Ничего страшного я в этом не вижу. В любой стране, которая задумывается о повороте экономики в новую сторону, государство активно создает стимулы для подобного движения. Израильская hi-tech революция начала 90-х была во многом оплачена, стимулирована и организована государством. В США это делается сплошь и рядом, в том числе на уровне отдельных городов и штатов. В Англии, Германии, Сингапуре, Китае, Чили именно государство стимулирует развитие высокотехнологичного предпринимательства и венчурной индустрии.
В России пока поддержка венчурного рынка со стороны государства в основном сводится к тому, чтобы дать первые деньги – дальше пусть куда-то двигается само. Но первичное финансирование стартапа – только начало цикла.

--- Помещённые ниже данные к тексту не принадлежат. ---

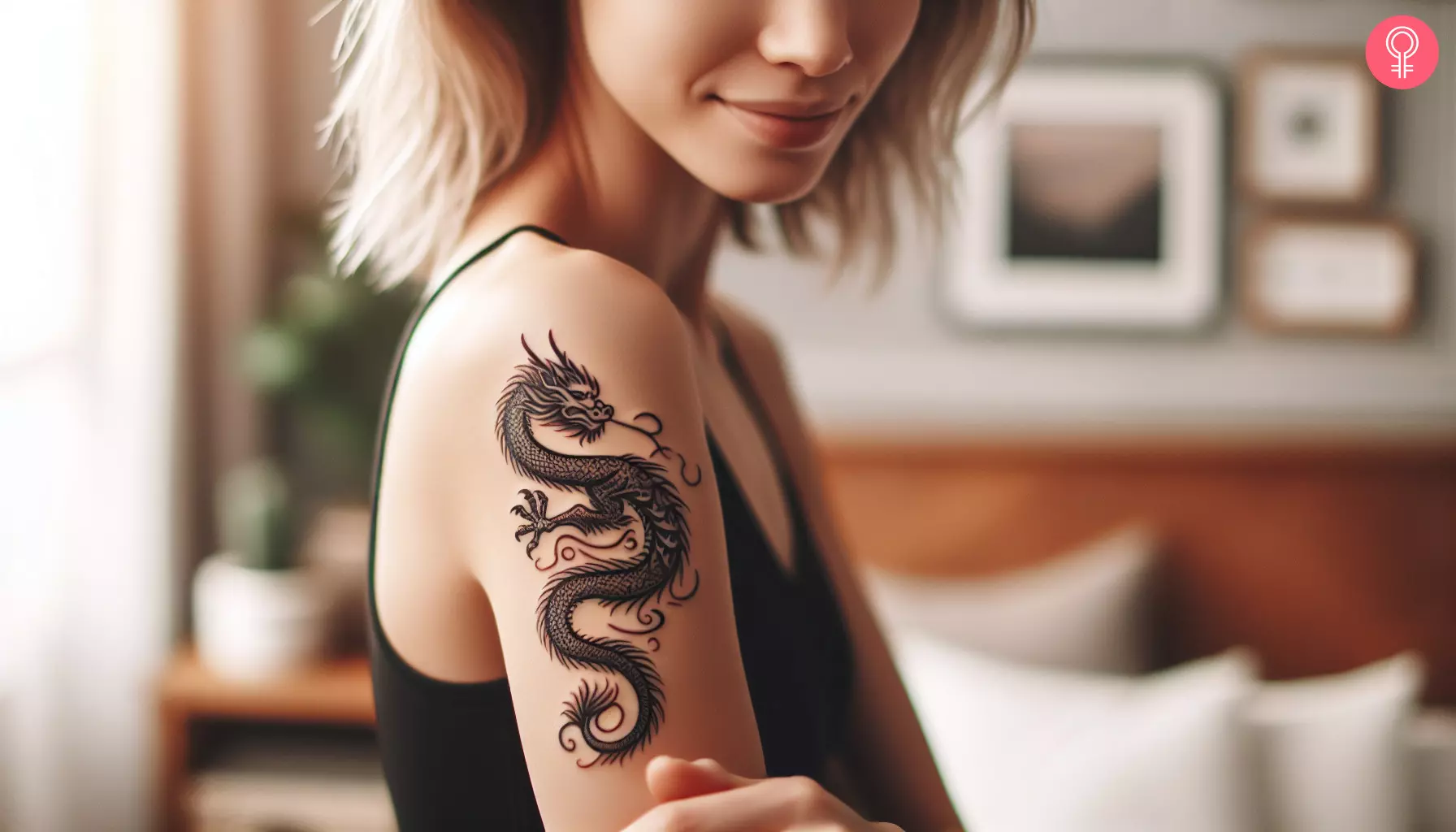 An Asian-style dragon tattoo on the upper arm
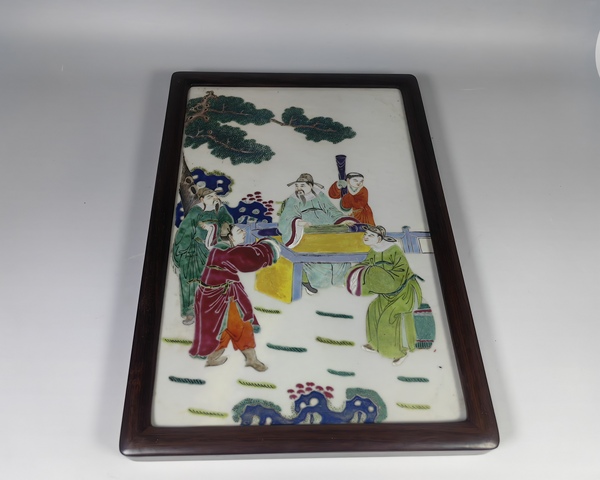 古玩陶瓷晚清民國竹林七賢人物紋粉彩瓷板真品鑒賞圖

А закончиться этот цикл должен выходом продукта на рынок.
Время для скачка
Корпоративный венчур может помочь и с импортозамещением. Да, многое можно делать самим, с нуля. А можно покупать и развивать компании с готовым продуктом, и необязательно российские. Есть в мире страны, запускающие высококачественные продукты, не являясь при этом потенциальным противником: Израиль, Сингапур, Финляндия, Латинская Америка. В этих странах – масса интересных инновационных разработок ранних стадий, которые российские корпорации могут использовать, чтобы сэкономить время, необходимое для технологического скачка.
Ситуацию стремительно надвигающегося кризиса можно ведь рассматривать по-разному. Полгода назад, когда только началась крымская кампания, я проводил в Нью-Йорке road-show своего фонда. На встрече с людьми, которые управляют гигантскими деньгами старых американских семей, я рассказывал про Россию, про венчур, про hi-tech... Меня слушали, кивали головами и смотрели с жалостью. Чувствовал я себя, мягко говоря, дураком. Перед прощанием ко мне подошел самый старый из управляющих – лысый, в очках с толстенными линзами, в засаленном пиджаке – и дружелюбно похлопал по плечу: «Ты вроде не идиот. И мы тоже не идиоты – умеем читать и смотрим новости». Я начал что-то мямлить, но он меня прервал: «Не объясняй. Мы давно живем и много понимаем. Все крупные состояния делаются на кризисах. Скажи нам точно, в какой точке кризис будет самым острым, и мы будем туда вкладываться».
Это довольно циничная точка зрения, совсем не привязанная к геополитике. Тем не менее стоит помнить: кризис – это всегда ломка старого и всегда появление новых возможностей.